The other participants in the March 6 colloquium have similar track records. To give just one example among a whole host, Nadia Abu El-Haj, co-director of the Center for Palestine Studies and an anthropology professor at Barnard College and Columbia University, maintains that “The Halo for sanctification is words, that is, Auschwitz haunts any attempt in the Euro-American world to consider whether or not in its war on Gaza, Israel or the Jewish state is committing genocide.”

As far as Abu El-Haj is concerned, the Holocaust and Auschwitz are nothing more than a smokescreen used to deflect attention from the attempted vilification and repudiation of not just Zionism and the State of Israel but any assertion of Jewish national aspirations and rights.

Given Abu El-Haj’s bizarre conceptualization of the Holocaust, the co-sponsorship of the March 6 colloquium by CUNY’s Center for the Study of the Holocaust borders on the egregious. Effectively, this center, one of whose ostensible purposes is to study the Holocaust, has given its imprimatur – its hekhsher,  as it were – to the blatant exploitation and distortion of the Holocaust into an anti-Israel, anti-Zionist cudgel. Even worse, by co-sponsoring this event, the Center is endorsing the participants’ contention that a Holocaust has been perpetrated, or is being perpetrated, in Gaza.

For that matter, not a single participant on the March 6 program is likely to contest the depiction of Israel as evil incarnate. While opposing the Netanyahu government’s policies is an exercise of free and protected speech, denying Israel’s legitimacy as a state and its Jewish citizens the right to live there constitutes antisemitic hate speech per se. Here again, the Center’s co-sponsorship of the event more than implies that it and its leadership are ok with the latter view being voiced under their auspices.

There is a thin line between principled conviction and sanctimonious zealotry. It is one thing to be supportive of and sympathetic to the Palestinians in Gaza or the West Bank. Indeed, I share and have shared these sentiments for more than 40 years. It is quite another, however, to advocate and inflame fanaticism. An inflexible insistence on all or nothing more often than not gets you nothing.

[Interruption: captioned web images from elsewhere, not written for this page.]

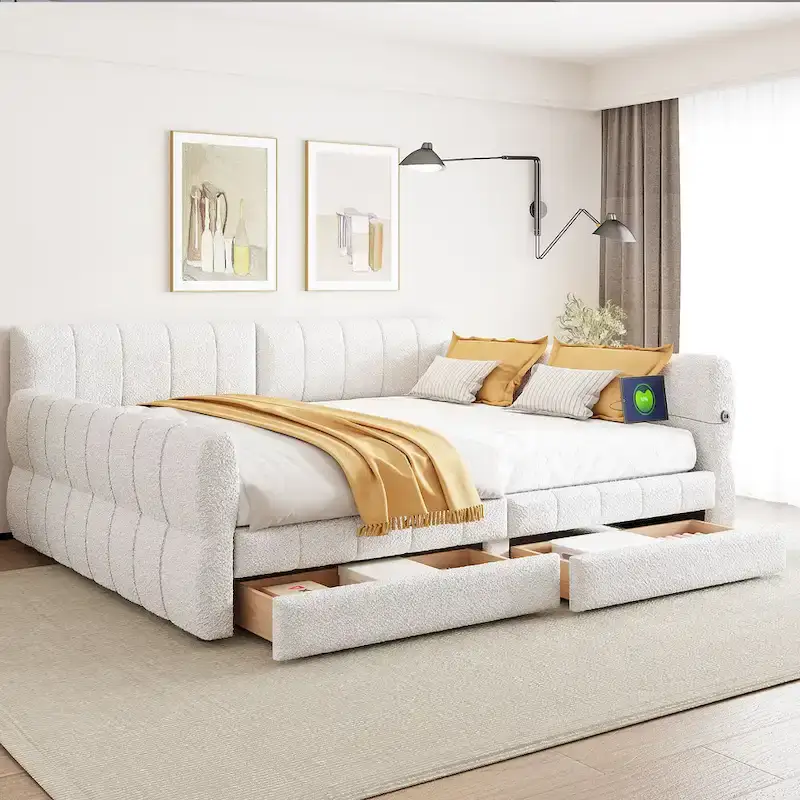 White Queen Platform Bed with USB & 2 Drawers, 2-Person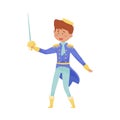 Red Haired Prince with Golden Crown Wearing Dressy Costume Doing Fencing Vector Illustration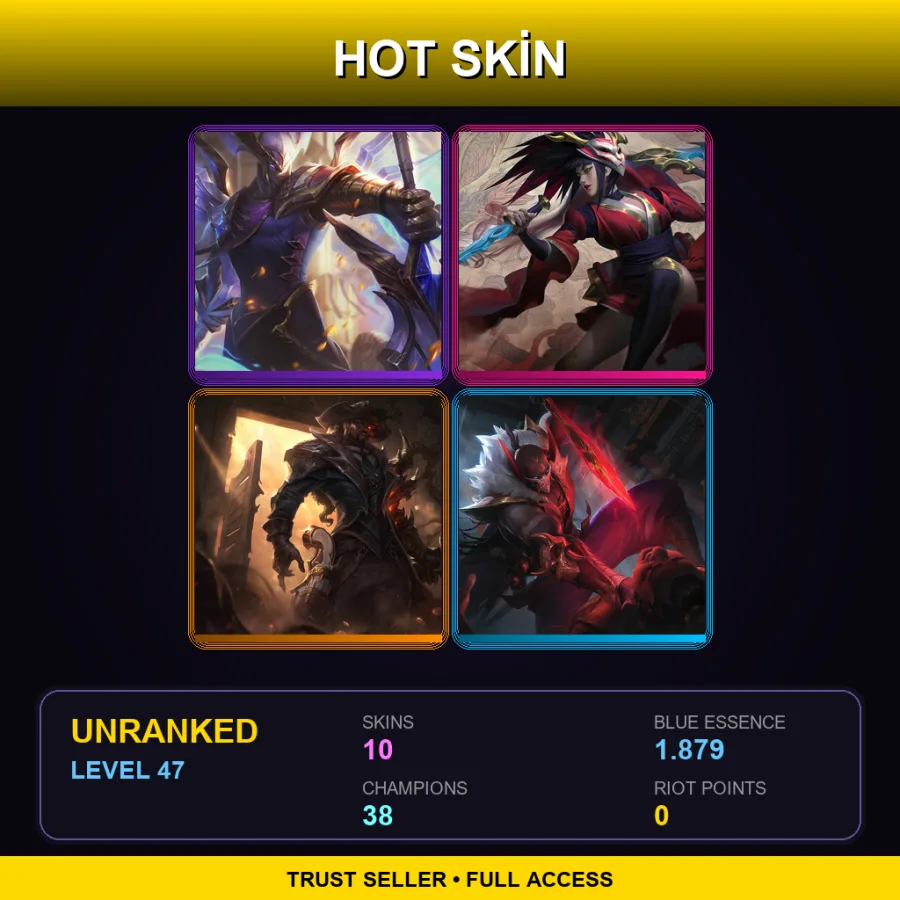 TR | Lv47 | Unranked | 10 Skin | 38 Champ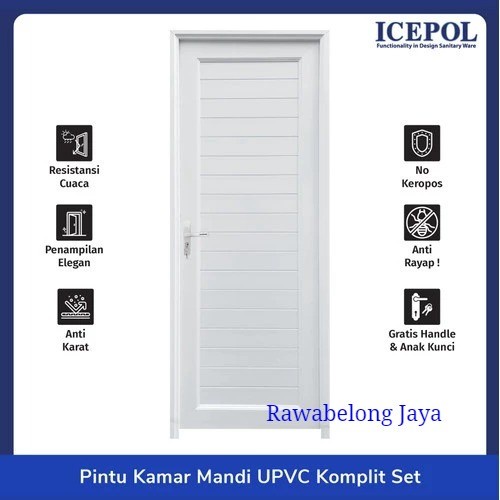 ICEPOL PINTU KAMAR MANDI FULL UPVC 80X200 KOMPLIT SET - WHITE IC 2008
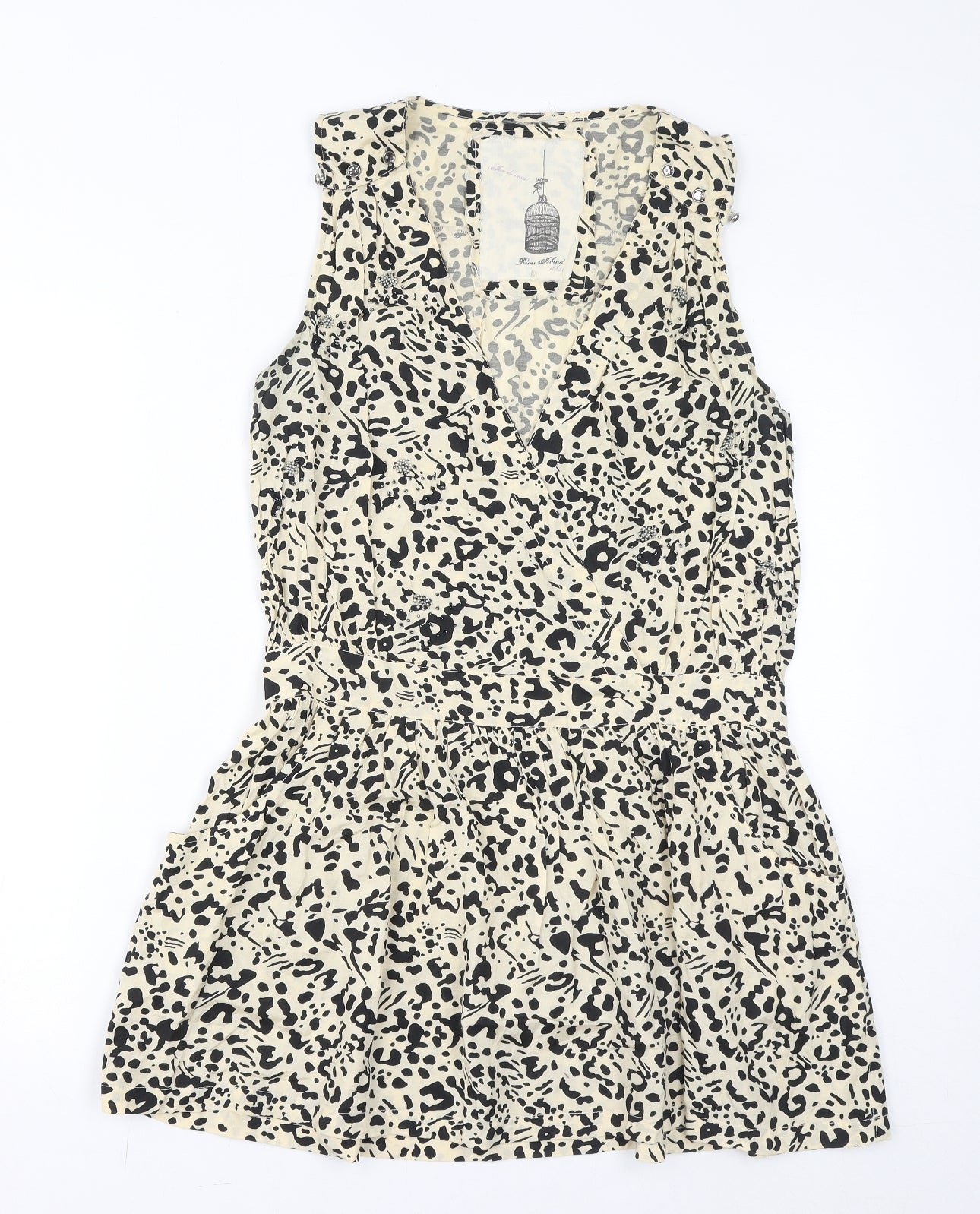 River Island Womens Brown Animal Print Viscose Tank Dress Size 10 V-Neck Pullover - Beads, Leopard Print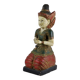 Characterful Vintage Buddha Statue Kneeling Wooden Buddha 44cm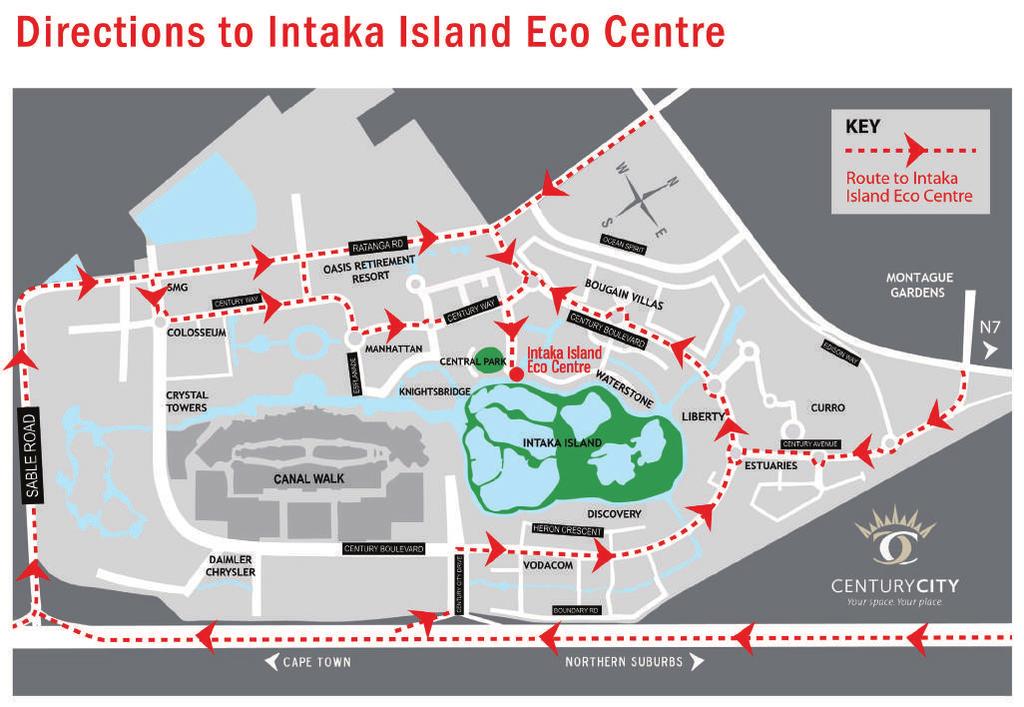 How do I get to Intaka Island? Intaka is nestled in the heart of Century City, so don t loose faith when you see lots of buildings!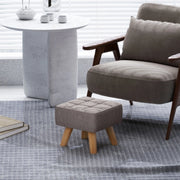 Sgabello imbottito grigio con gambe in legno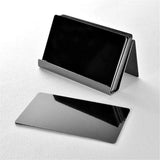 2pcs Business Card Holder, Reflective  Stainless Steel Desktop Name Cards Display Stand for Office Desk, Black In Australia - Darrahopens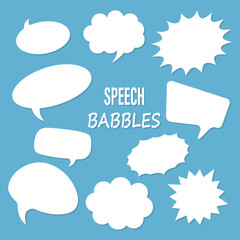 A collection of vector speech and thought bubbles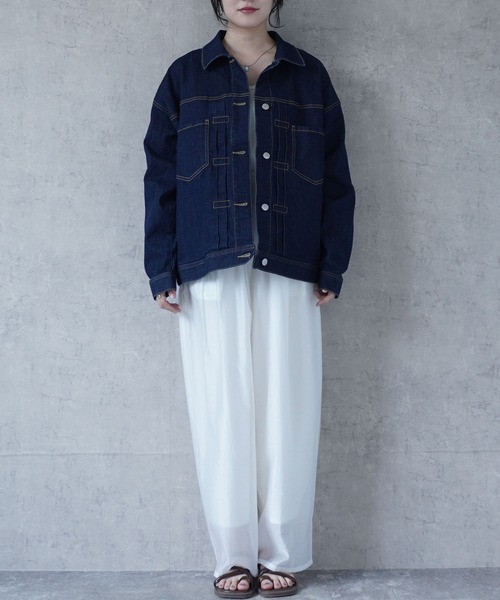 SELECT LEVERY(セレクトリベリー)の「リサイクルデニム ルーズデニムジャケット(デニムジャケット・レディース・オフホワイト/ブルー/ワンウォッシュ・LARGE/MEDIUM)」の9枚目の写真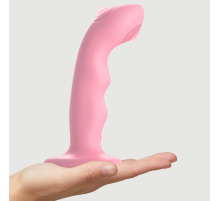 Розовая насадка-стимулятор Strap-On-Me Tapping Dildo Wave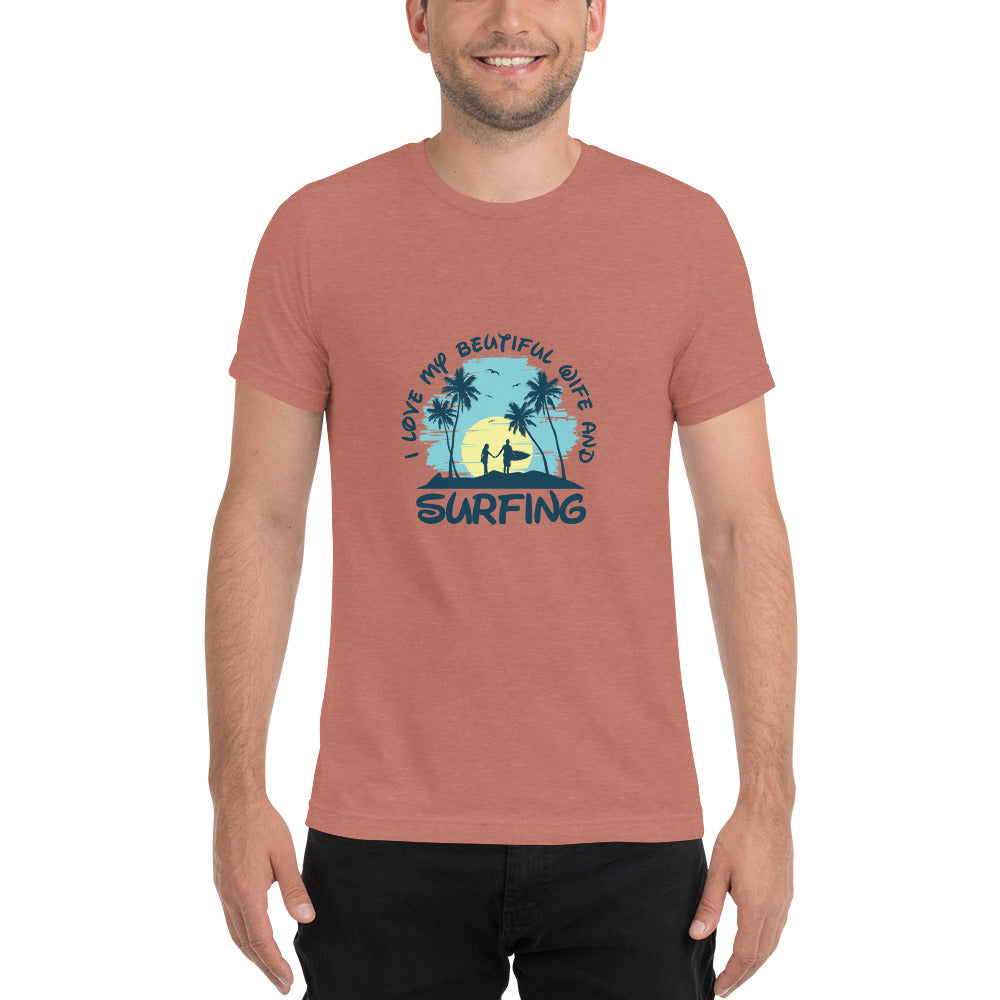 Love wife and surfing - Short sleeve t-shirt - HobbyMeFree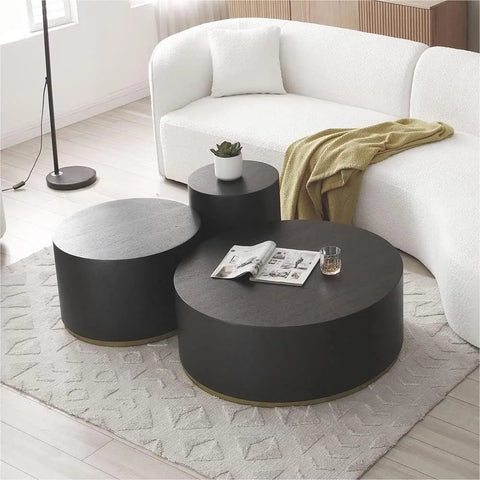 Round Coffee Table for Living Room, Drum Round Circle Wood  Modern Black Coffee Tables End Table with Gold Rim Bottom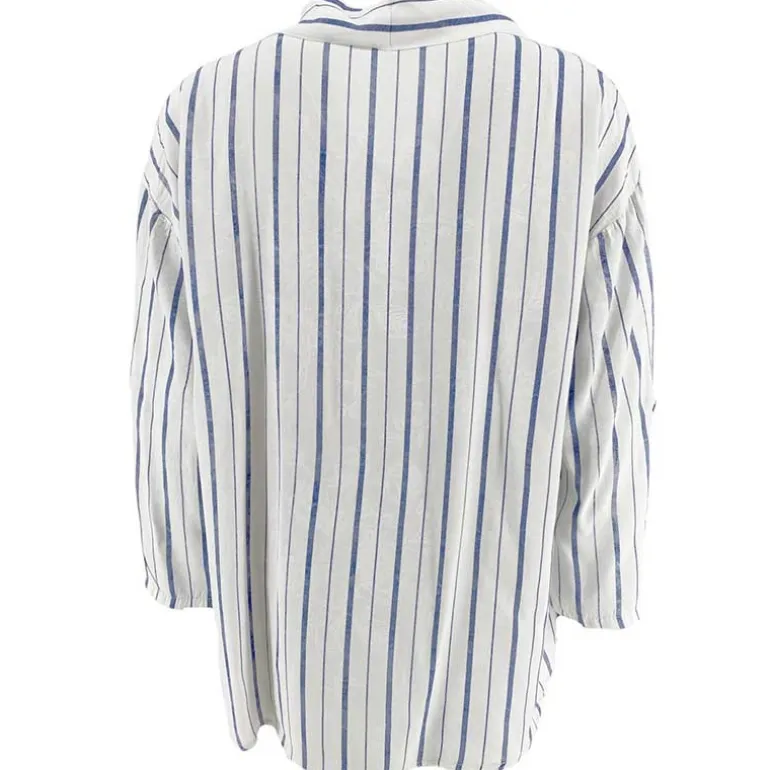 J By J 81381 Striped Viscose Shirt White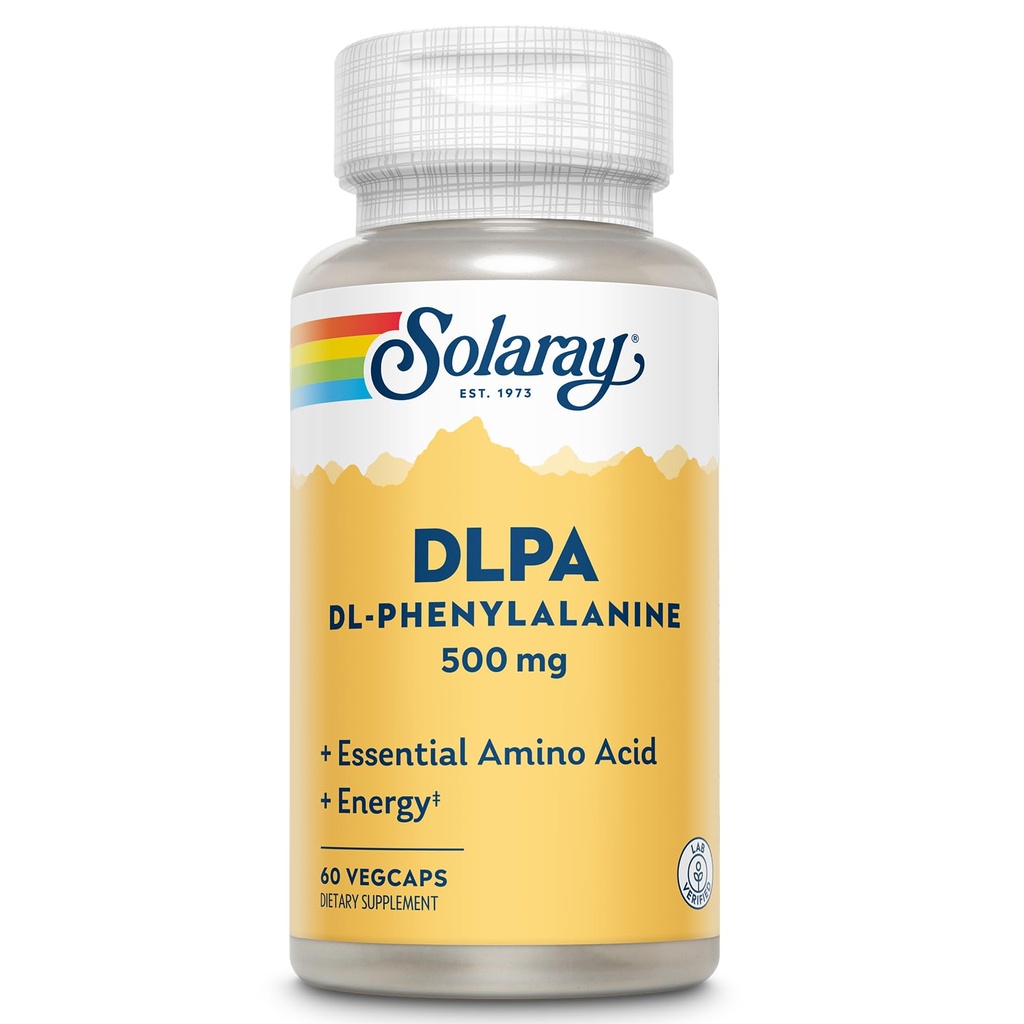 SOLARAY DL-Phenylalanine Capsule Supplements - 500mg DLPA, 50-50 Blend of Essential Amino Acids for Nervous System & Energy Support, for Men and Women - 60 Count VegCaps | 500mg DLPA, 50-50 Blend of Essential Amino Acids for Nervous System & Energy Support, For Men and Women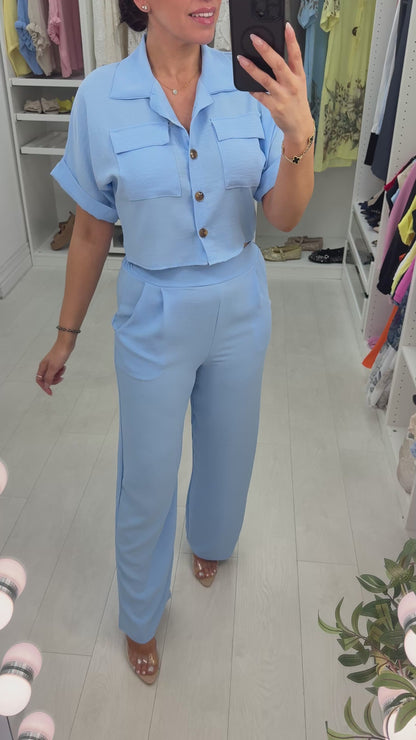 Shanice Plain Cropped Shirt Co-ord Set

This is as true for the pro-Palestinian, anti-Israel and anti-Zionist extremists on the March 6 CUNY program as it is for their Jewish and Christian evangelical counterparts who would deny the Palestinians in the West Bank and Gaza their legitimate legal and civil rights or who refuse to condemn acts of violence by Israeli settlers against Palestinians in the West Bank. As Abba Eban, the longtime dovish Israeli foreign minister, correctly pointed out, the Israeli-Palestinian conflict is not a conflict between right and wrong but a conflict between two rights.

The Kotzker Rebbe, one of the most influential – and sharp-tongued – Hasidic masters of the 19th century, famously observed that the middle of the road is for horses. This proposition holds water as a counterweight to opportunistic or purely self-serving immoral or amoral pragmatism. It is far less sound, however, when it intensifies political or intellectual extremism. There are times when both sides of a seemingly irreconcilable conflict must begin to de-demonize each other. If there is to be any hope for Israeli-Palestinian coexistence in any form, it is critical for Israelis, Palestinians, and their respective supporters to acknowledge the valid grievances and even try to feel the pain of the other. Sadly, the March 6 CUNY colloquium seems likely to accomplish the precise opposite.